Cuando pasó Colmenar Viejo, miró el reloj y calculó que Rescaglio debía de estar llegando ya al aeropuerto, si es que no lo había hecho ya. A él sin embargo aún le quedaban entre veinte minutos y media hora de viaje, dependiendo del tráfico que hubiera. Dio gracias al cielo por no haberse encontrado aún con ningún control de la Guardia Civil, pues no tenía claro si estaba dispuesto a detenerse en caso de que le hicieran parar junto al arcén, por exceso de velocidad. Luego rogó con todas sus fuerzas que Gregorio no sucumbiera al miedo y a la tentación de salir corriendo, pues era evidente que un chico de trece años tenía poco que hacer contra un adulto resuelto a todo.

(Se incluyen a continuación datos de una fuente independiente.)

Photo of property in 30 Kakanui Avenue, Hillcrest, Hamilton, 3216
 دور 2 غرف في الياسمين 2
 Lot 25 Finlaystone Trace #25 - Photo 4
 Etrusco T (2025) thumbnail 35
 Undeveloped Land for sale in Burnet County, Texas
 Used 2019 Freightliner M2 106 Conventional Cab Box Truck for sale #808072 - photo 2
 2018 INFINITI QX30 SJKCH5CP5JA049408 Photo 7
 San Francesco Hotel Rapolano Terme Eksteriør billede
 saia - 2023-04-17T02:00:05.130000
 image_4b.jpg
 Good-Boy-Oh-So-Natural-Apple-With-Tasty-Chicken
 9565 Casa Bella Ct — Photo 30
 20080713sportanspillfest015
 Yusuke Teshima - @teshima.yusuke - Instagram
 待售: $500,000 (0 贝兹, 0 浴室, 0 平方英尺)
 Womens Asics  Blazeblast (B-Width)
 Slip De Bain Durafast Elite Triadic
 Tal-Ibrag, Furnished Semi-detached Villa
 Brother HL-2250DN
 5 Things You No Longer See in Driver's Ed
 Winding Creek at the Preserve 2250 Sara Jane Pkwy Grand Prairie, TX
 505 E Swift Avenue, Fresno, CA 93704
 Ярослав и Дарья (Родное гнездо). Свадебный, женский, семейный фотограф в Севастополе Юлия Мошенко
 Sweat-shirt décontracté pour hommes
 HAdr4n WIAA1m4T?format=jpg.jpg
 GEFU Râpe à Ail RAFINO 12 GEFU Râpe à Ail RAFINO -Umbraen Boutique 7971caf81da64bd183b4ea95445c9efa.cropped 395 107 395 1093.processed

Justo en el momento en que se había persuadido a sí mismo de que, con un poco de suerte y de cola en el check-in,iba a ser capaz de ganar la partida al italiano, ocurrió lo del camión.

Acababa de salir de Tres Cantos por la autovía de Colmenar cuando el inspector observó con horror cómo un camión tráiler cargado de corderos que circulaba en su dirección, unos metros más adelante, tocaba el borde de la carretera en un punto en que estaban reparando el arcén y su conductor perdía el control del vehículo. Al tratar de hacerse con él, y a pesar de circular por una recta, el conductor derrapó y, tras un estrepitoso frenazo en el que el tráiler debió de arrastrarse casi cincuenta metros sobre el asfalto, volcó sobre un costado, quedando la caja totalmente atravesada sobre la calzada. La cabina del conductor recibió un fuerte impacto y el cristal del parabrisas estalló en mil pedazos, aunque el conductor logró salir a gatas de su habitáculo y Perdomo comprobó que sólo estaba herido leve. Mejor parada aún salió su acompañante, una mujer morena y bien parecida que tenía todo el aspecto de ser su señora. Perdomo, que había estado a punto de tragarse el camión en el momento del derrapaje, y que ahora había detenido el vehículo en mitad de la carretera, después de haber accionado todos los intermitentes, miraba angustiado por el retrovisor, temiendo ser arrollado por otros conductores. Para su alivio, tanto el camión volcado como su propio vehículo eran visibles a una distancia considerable y los coches que comenzaron a llegar en la misma dirección pudieron frenar a tiempo. Perdomo había abandonado su coche para ir a comprobar cómo se encontraban los ocupantes del camión y vio que alrededor de una docena de corderos habían muerto aplastados por el golpe, pero que la mayoría habían logrado escapar al romperse el remolque y comenzaban a trotar en todas las direcciones, como si temieran que el camión que los transportaba pudiera incendiarse de un momento a otro y ellos pudieran quedar reducidos a un montón de carne a la brasa. Algunos, los más sabios, decidieron saltar el arcén y huir al campo; otros, más insensatos, optaron por cruzar la mediana y provocaron una colisión múltiple entre los coches que circulaban en sentido opuesto. A Perdomo se le pasó por la cabeza la idea de quedarse a echar una mano, por lo menos hasta asegurarse de que los corderos, como si fueran miembros de una manifestación no autorizada, se hubieran disuelto. Pero al ver que podía escapar invadiendo la cuneta, decidió regresar al coche, que había dejado con la puerta abierta de par en par.